What you have to do »
Return the records as they stand. No picture is to be included.
# # # # #
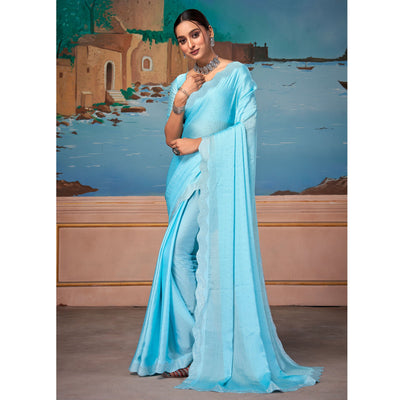 Light Blue Swarovski Work Satin Saree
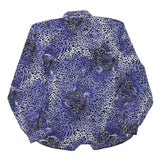 SERGIO DI LAURENTI Womens Blue Black Printed Shirt Long Sleeve Collared L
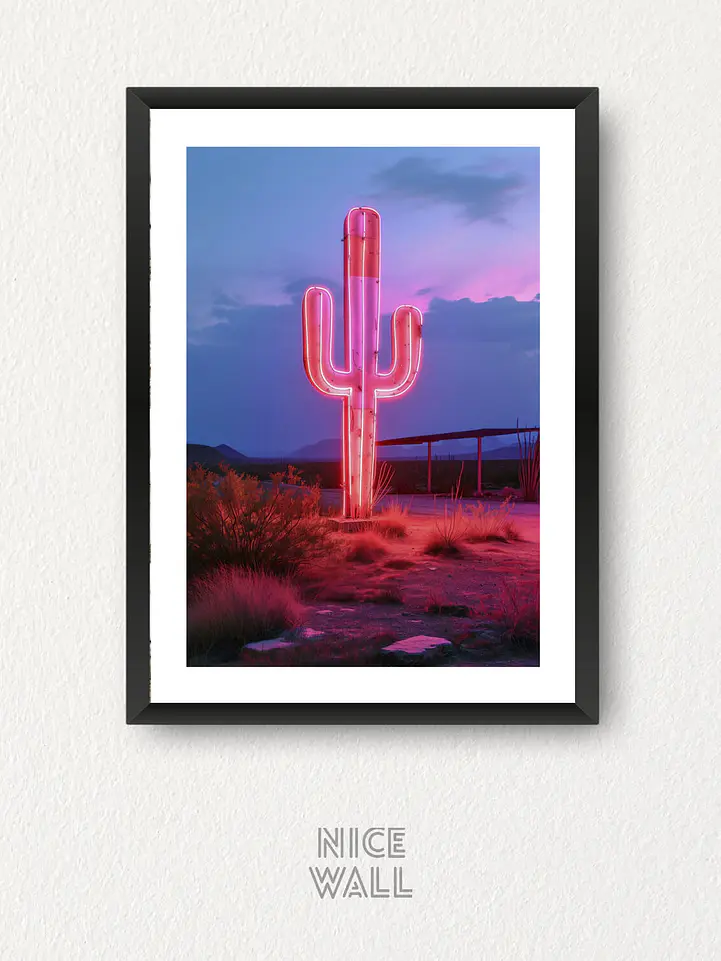 Cuadro Cactus Neon 1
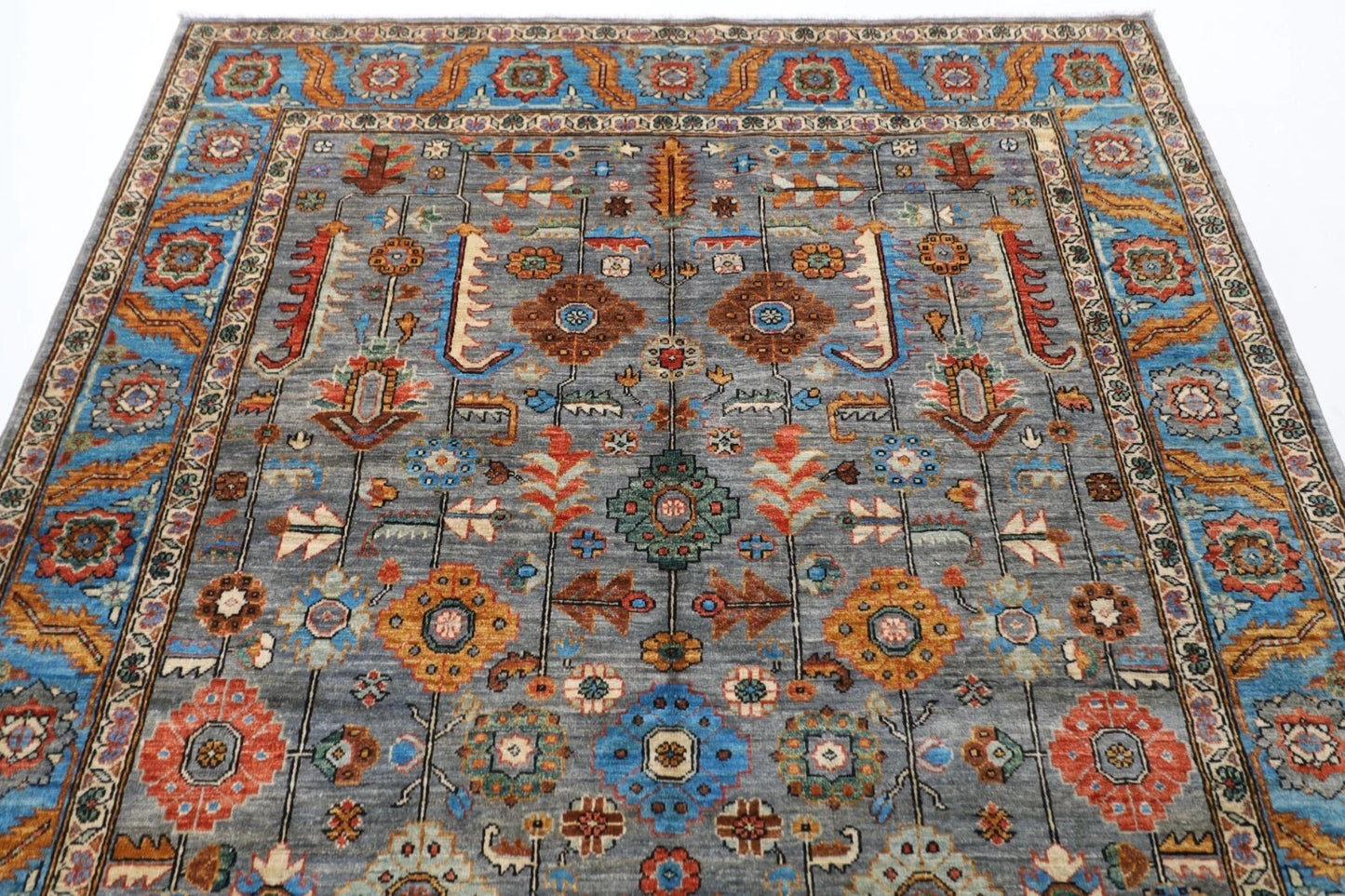 190 x 270 cm | Bidjar Gray Afghan Tribal Hand Knotted Veg Dye Wool carpet
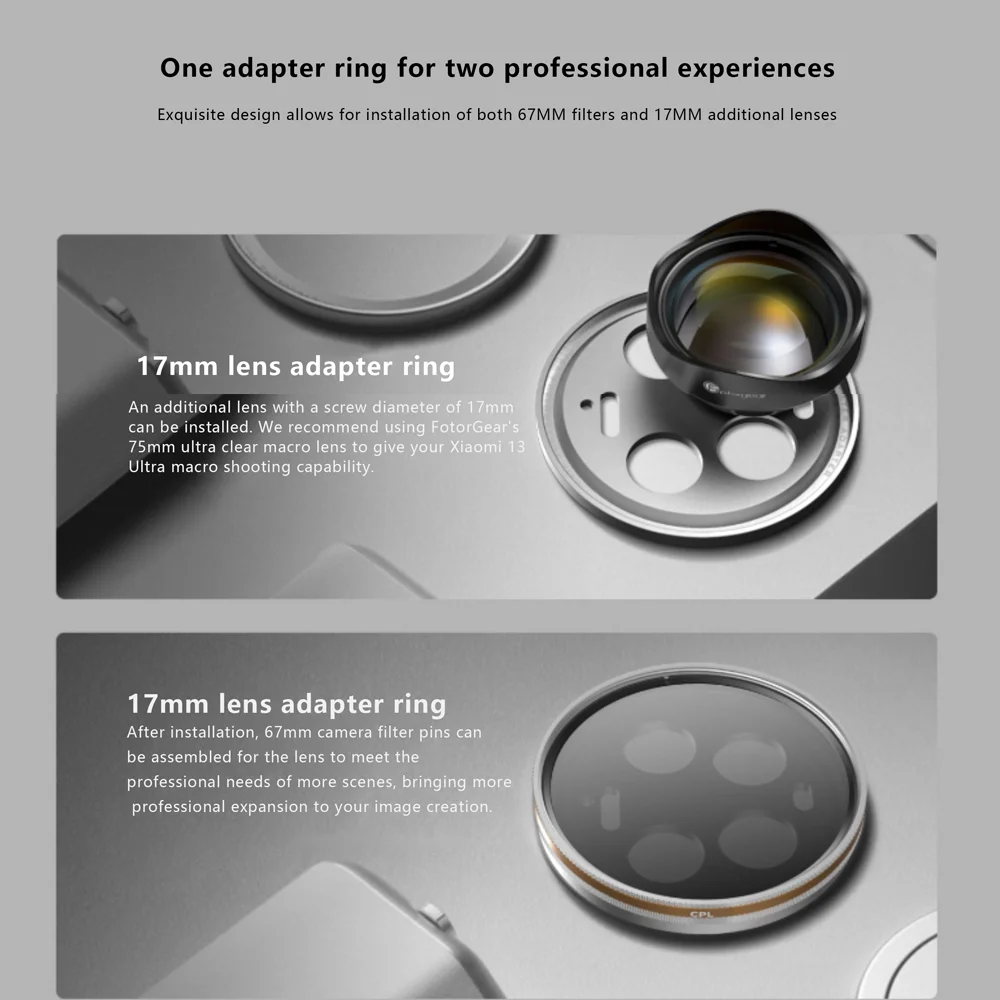 Fotorgear Phone Case Filter CPL/Black Mist for Xiaomi 13 Ultra 75mm Macro Lens 17mm Adapter Ring Professional Photography Kit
# # # # #
Answer box »
 Light Blue Swarovski Work Satin Saree
 SERGIO DI LAURENTI Womens Blue Black Printed Shirt Long Sleeve Collared L
 Cuadro Cactus Neon 1
 190 x 270 cm | Bidjar Gray Afghan Tribal Hand Knotted Veg Dye Wool carpet
 Fotorgear Phone Case Filter CPL/Black Mist for Xiaomi 13 Ultra 75mm Macro Lens 17mm Adapter Ring Professional Photography Kit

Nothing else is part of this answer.